All in all, I thought the movie was alright. I’m disappointed it decided to go the Spiderman route with clear-cut good vs. bad and cheezy villains and forced romance - although I guess it’s neccessary, to avoid an R rating. It would have been cool to see a fight-dirty, film-noir Batman in a stronger dose than that of Batman Begins. But there were things I loved about it: Liam Neeson’s character, for one, and Michael Caine who was perfectly cast as Alfred. I have high hopes for the sequel to this movie.
The film was pretty good, but I’ve a few grouches, natch
1/ The whole pick a flower and climb the mountain for enlightenment part was silly. How is a couple of weeks in this camp suddenly going to make him a ninja warrior? Basically it was some cheesy kung-fu kid teen flick plot with a twist.
2/ The director had some fascination about extreme close-ups during the action, so all you could see in every scuffle was flailing arms, legs and bodies without the slightest clue who was who and what was happening.
3/I still don’t understand; why they needed to bring the microwave thing out in such an inconvenient place, and then shuttle it across town in the train.

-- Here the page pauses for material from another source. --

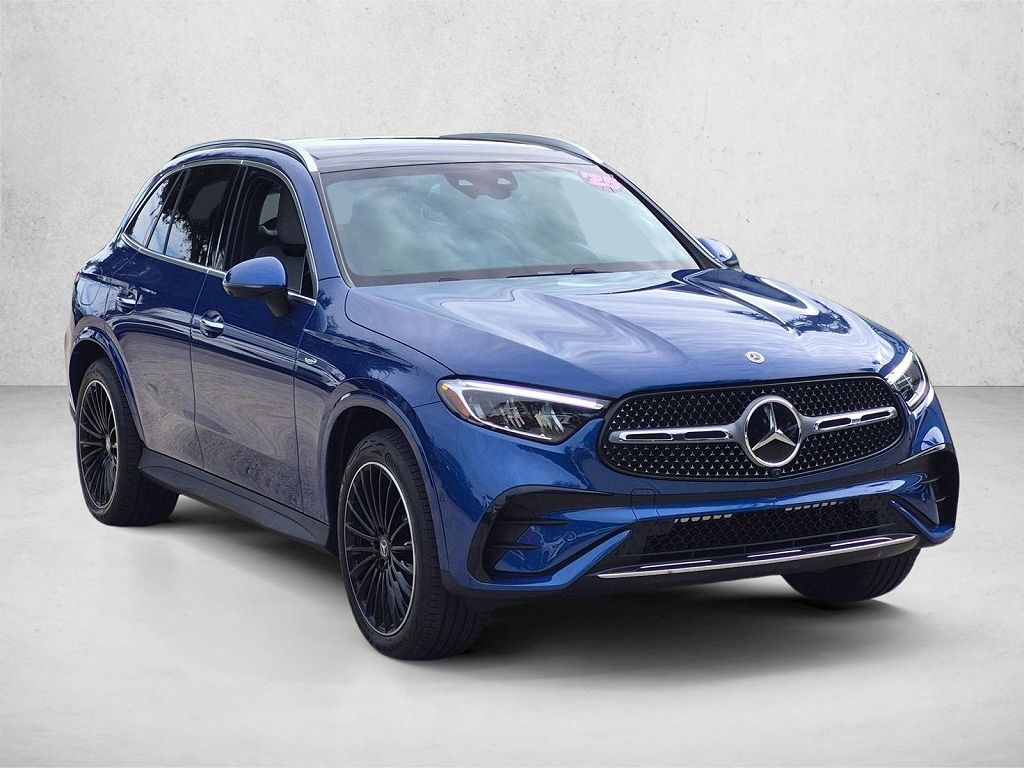 2025 Mercedes-Benz GLC 4MATIC
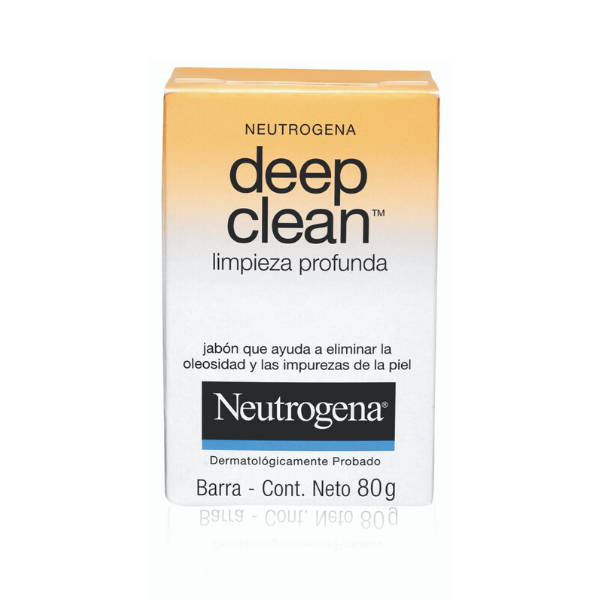 Imagen de NEUTROGENA - JABON DEEP CLEAN - 80 GRS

Why not drive it there to begin with? (And that’s ignoring the whole silliness about microwaves powerful enough to evapourate all water yet leave humans untouched.)
I’ve read a few comments from people saying they don’t understand how he completed his training so quickly.
I saw it as the final training we saw was the icing on the cake, so to speak.
He was already trained in many disciplines, that’s why Liam Neeson’s character recited a few off when he first attacked him, Bruce already knew them.
Makes more sense if you look at it that way, and fits in better with the comics since Bruce trained under many different masters from around the world in many different styles.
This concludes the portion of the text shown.